Time Travel allows this for up to 90 days, but we can keep that history indefinitely by making Zero Copy Clones. Here’s an example:

-- Snowflake's Zero Copy Cloning preserves table history for up to 90 days.
-- To preserve change history indefinitely, create a Zero Copy Clone
-- more frequently than the time travel retention period.

use role sysadmin;
use database TEST;
use schema SALES;
use warehouse TEST;

-- First, check how long Snowflake is set to preserve Time Travel data for the table
select RETENTION_TIME from INFORMATION_SCHEMA.TABLES where TABLE_NAME = 'SALES_FACT';

-- If necessary, increase the duration so you can clone it before Time Travel data rolls off.
alter table SALES_FACT set data_retention_time_in_days = 30;

-- Optionally, create a new schema to keep the historical clones. This will keep the base table
-- schema cleaner.
create schema if not exists SALES_FACT_HISTORY;

-- Run the remaining section as frequently as required to get the needed granularity of history
-- preservation. For critical tables in regulated industries, it may be necessary to create
-- a clone after every UPDATE or MERGE performed.
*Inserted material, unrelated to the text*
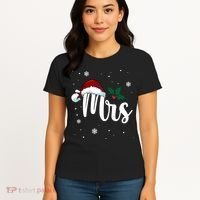 Mrs. Claus Matching Family Christmas Women's T-Shirt thumb 4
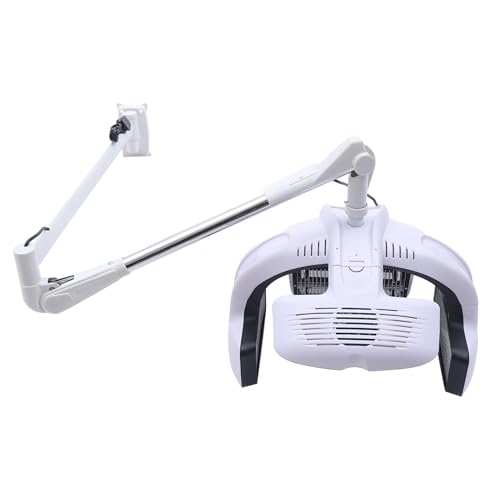110V 1250W Wall Mounted Hair Dryer, Hooded Dryer for Salon, Adjustable Swing Arm Professional Hair Dryer Hairdressing Equipment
-- You'll need to create a dynamic table name, usually based on date.
set CLONE_TABLE_NAME = 'SALES_FACT_HISTORY.SALES_FACT_CLONE_' || to_varchar(CURRENT_DATE, 'YYYY_MM_DD');

-- Optionally check the name we'll use for the table
--select $CLONE_TABLE_NAME;

-- Use the identifier() SQL function to use a SQL variable as an object name.
-- Run this statement once a month, once a week, or any duration more frequent than the
-- table's Time Travel retention period.
create table identifier($CLONE_TABLE_NAME) clone SALES_FACT;

When preserving change history, there’s an important consideration for highly-regulated data. Time Travel and Streams preserve a complete record of every change to a table. Creating a clone preserves the state only at the time it’s cloned. What does this mean in practice?

Suppose you clone a table once a day at midnight. Months later, Finance sends revised sales figures. You update the rows quickly. A few hours later, Finance notices a miscalculation and sends corrected values. When you apply updates to the same rows twice that day, the clone at midnight will reflect only the later change. For most data, this is probably fine. For highly regulated data, it may not be acceptable. In this case, you’ll need to perform a clone after every update or merge that updates rows.